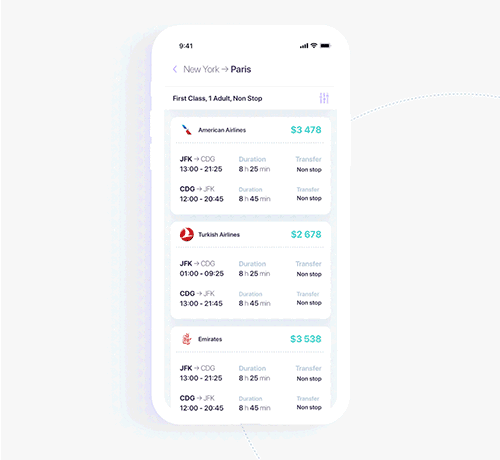 UI志于2018-09-19 08:20发布的图片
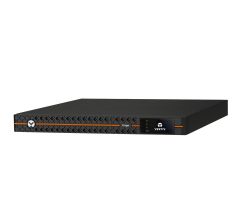 Vertiv EDGE 1ph USV, 0,5 kVA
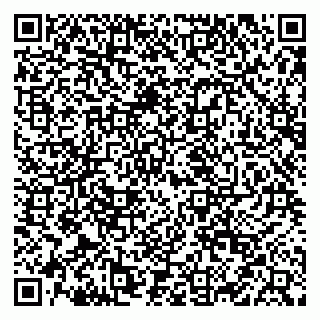 vCard 79028165937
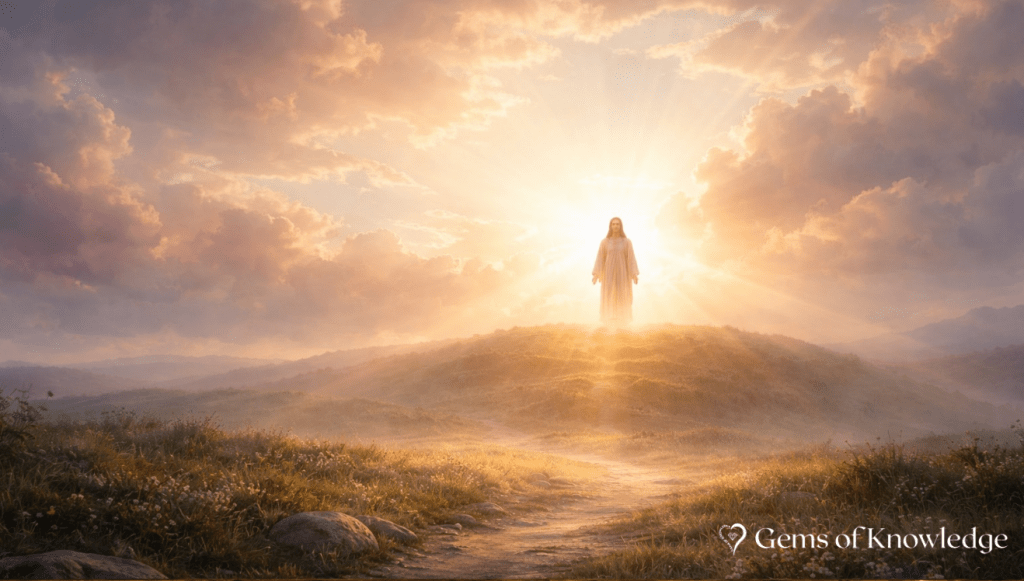 Will You Listen? | Hearing God and Responding in Faith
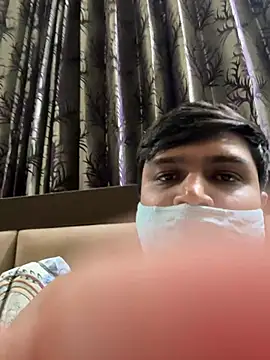 Parth-26 online show from May 9, 2026, 6:11 pm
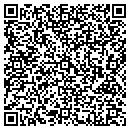 QR code with Galleria Fifth Ave Inc contacts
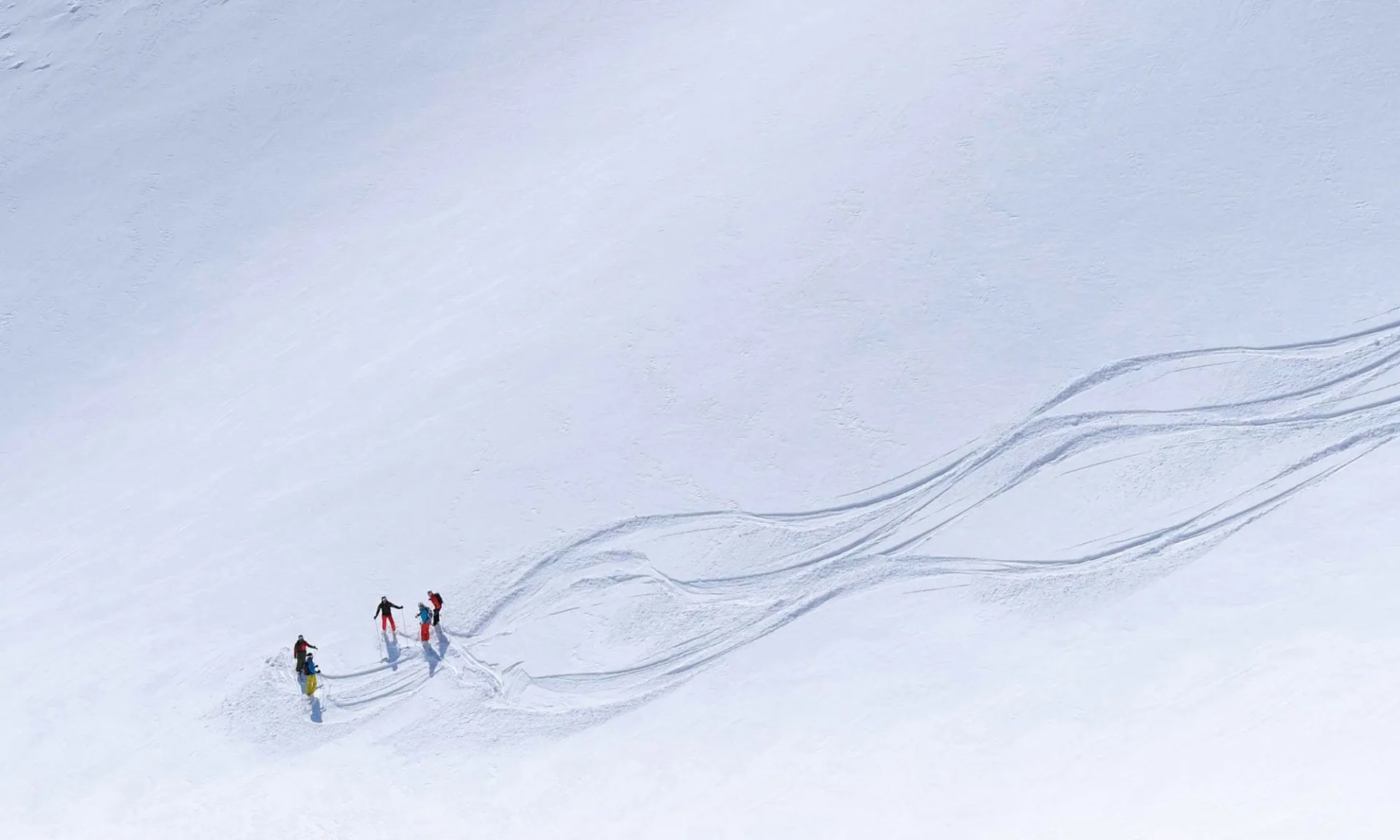 Burg Vital Resort - Luxury ski hotel gallery image 9 showing alpine architecture, interior design, or mountain views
_ _ _ _ _
PROBLEM STATEMENT: If a picture appears among the records, leave it out, and otherwise reproduce exactly every line from the first line through the one with "QR code with Galleria Fifth Ave Inc contacts", both included.

TASK ANSWER:
 UI志于2018-09-19 08:20发布的图片
 Vertiv EDGE 1ph USV, 0,5 kVA
 vCard 79028165937
 Will You Listen? | Hearing God and Responding in Faith
 Parth-26 online show from May 9, 2026, 6:11 pm
 QR code with Galleria Fifth Ave Inc contacts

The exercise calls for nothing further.